There is plenty of good reference material on this topic - here are a few choice items:

Mapping Basics
The term "mapping" has several connotations in geospatial technology jargon. In the realm of spatial data, mapping refers to the attaching of spatial references to descriptive information to form spatial databases.

EXAMPLE - Our geospatial data library contains a "Brown County Street Centerlines" database. Each of the 26,000 records in the database corresponds to a street segment and contains values for a defined set of street attributes. There are 50 attributes in all - Name1, Name2, Type, SPEED_LIMIT to list a few. In addition to creating a table of attributes for the street segments, the authors mapped the street data - that is they embedded a string of coordinate pairs into each record that define the location of the street segment on the earth's surface.

When the author of a spatial database is selecting a referencing scheme, the simplest and most accurate choice is a geographic coordinate system (one that defines locations in terms of two angles - longitude and latitude). The earth is a three dimensional solid, why wouldn't you use a three dimensional referencing scheme? The concept is well-described in the article titled Latitude and Longitude published by the US Department of the Interior on their nationalatlas.gov website. Check out the following for more info on this topic:
    •   Geographic Coordinates page on the ottergeospatial.info website.

It turns out that there are many situations where it is preferable to map data to a 2-dimensional approximation of the earth's 3-dimensional surface. In this case the data author must select an appropriate projected coordinate system. The concept is well-described in the article (pdf) titled Map Projections published by the Michigan DNR. The first page in particular is an absolute gem of concise wordsmithing. Check out the following for more info on this topic:

Mapping - GPS and GNSS
Space-based navigation systems are a common data mapping tool. The old Global Positioning System (GPS) is familiar to many. Today the GPS program has been incorporated into the more comprehensive Global Navigation Satellite System (GNSS) program but the general idea is still the same - estimate location on the earth's surface by measuring distance to fast-moving objects 11,000 miles up. Check out the following for more info on this topic:
    •   GPS Mapping page on the Biodiversity Center website.
    •   Submeter GPS page on the Biodiversity Center website.

Authorship and Metadata
A spatial database is an academic and/or technical publication in the same sense as a journal article or reference book.
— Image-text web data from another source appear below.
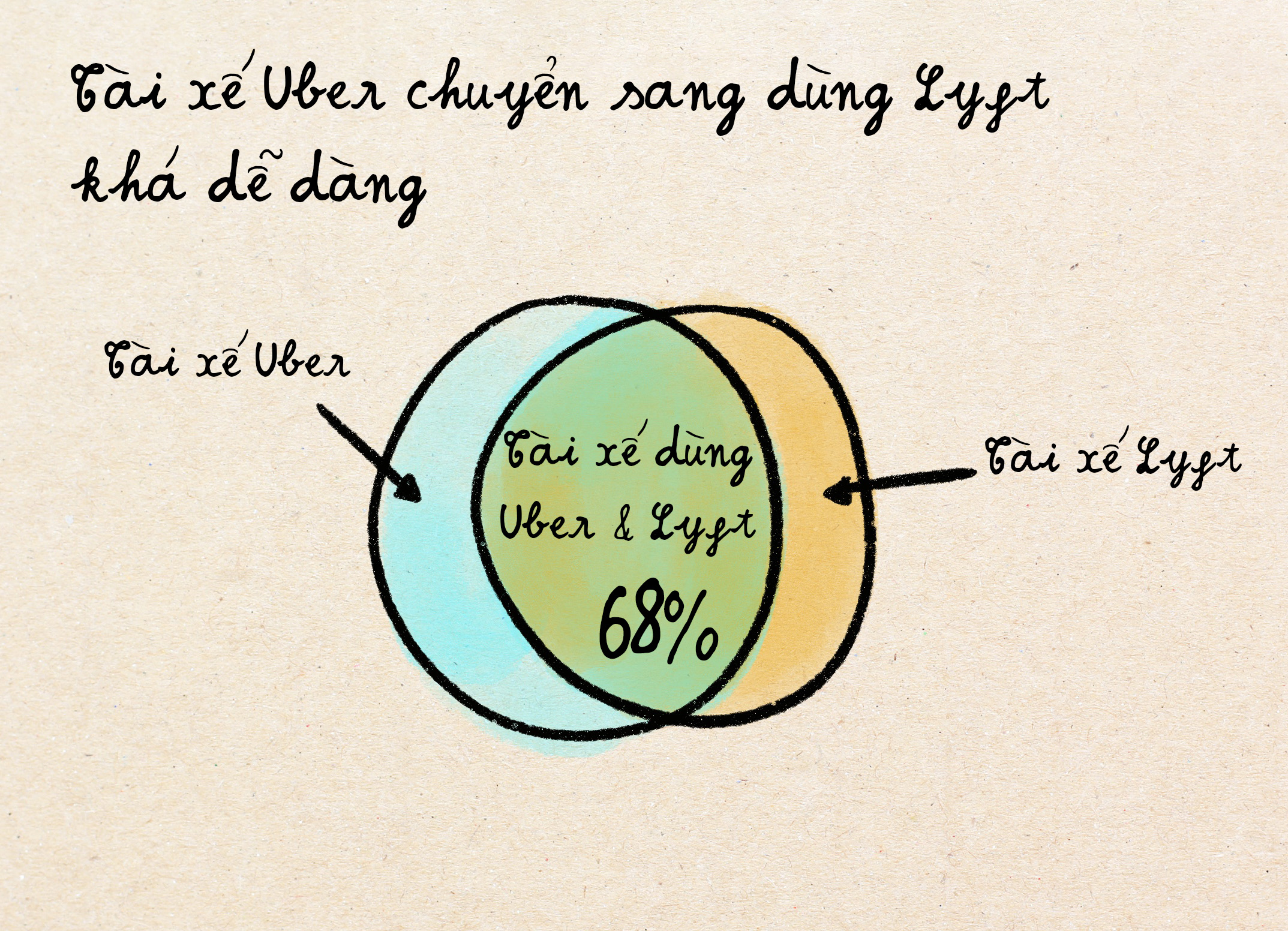 Venn diagram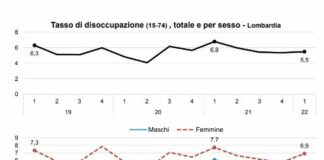 In Lombardia il tasso di disoccupazione scende sotto i livelli pre-Covid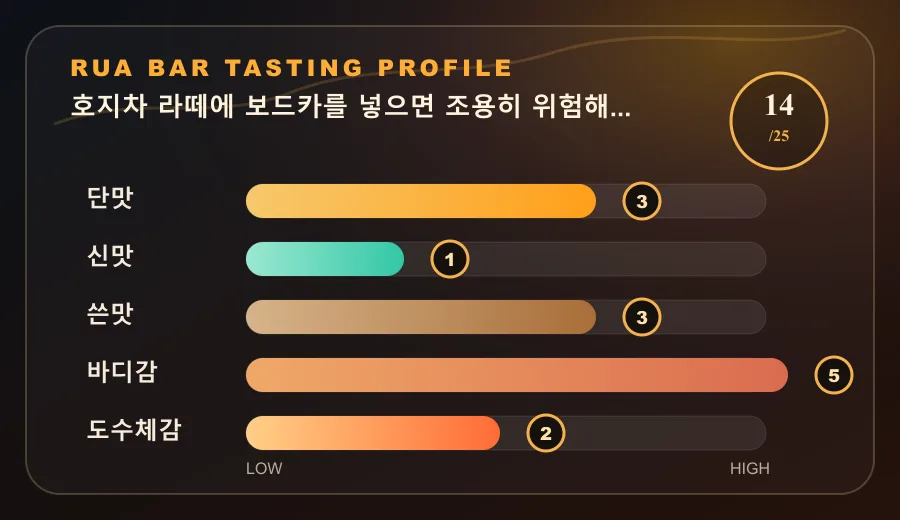 호지차 라떼에 보드카를 넣으면 조용히 위험해집니다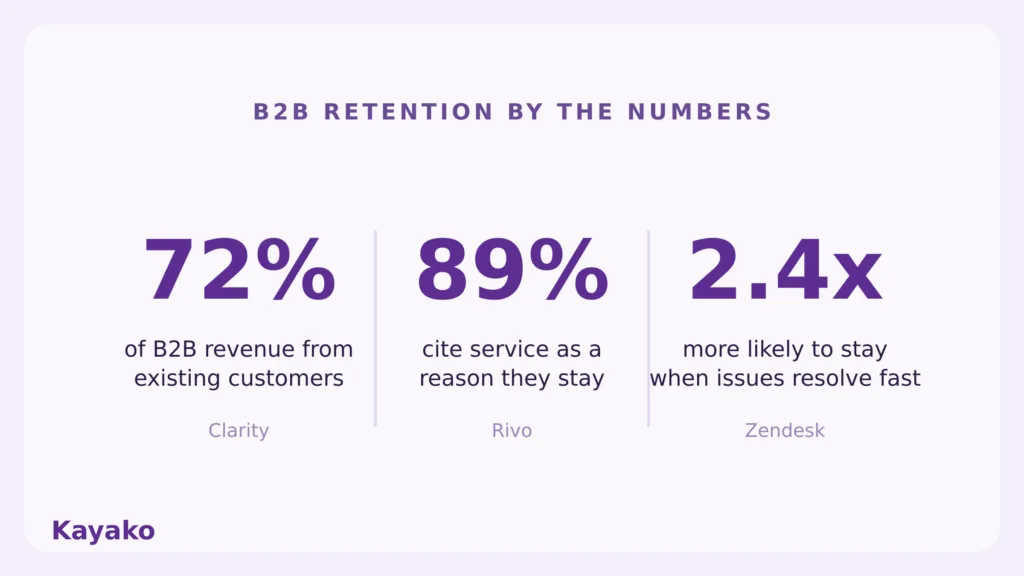 b2b customer service retention numbers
When employing geospatial technology in an academic setting, literature searches should include a critical evaluation of the databases that will be used for reference. Data that is robust enough to use for reference generally comes with extensive authorship and methods information (metadata).

When we employ one of our computer software tools to organize and/or analyze spatially referenced data, we often become authors of one or more spatial databases ourselves. For our work to have lasting value, we need to develop and package it in accordance with published standards. We also need to document our work so that its useablility and robustness will be readily apparent to future users.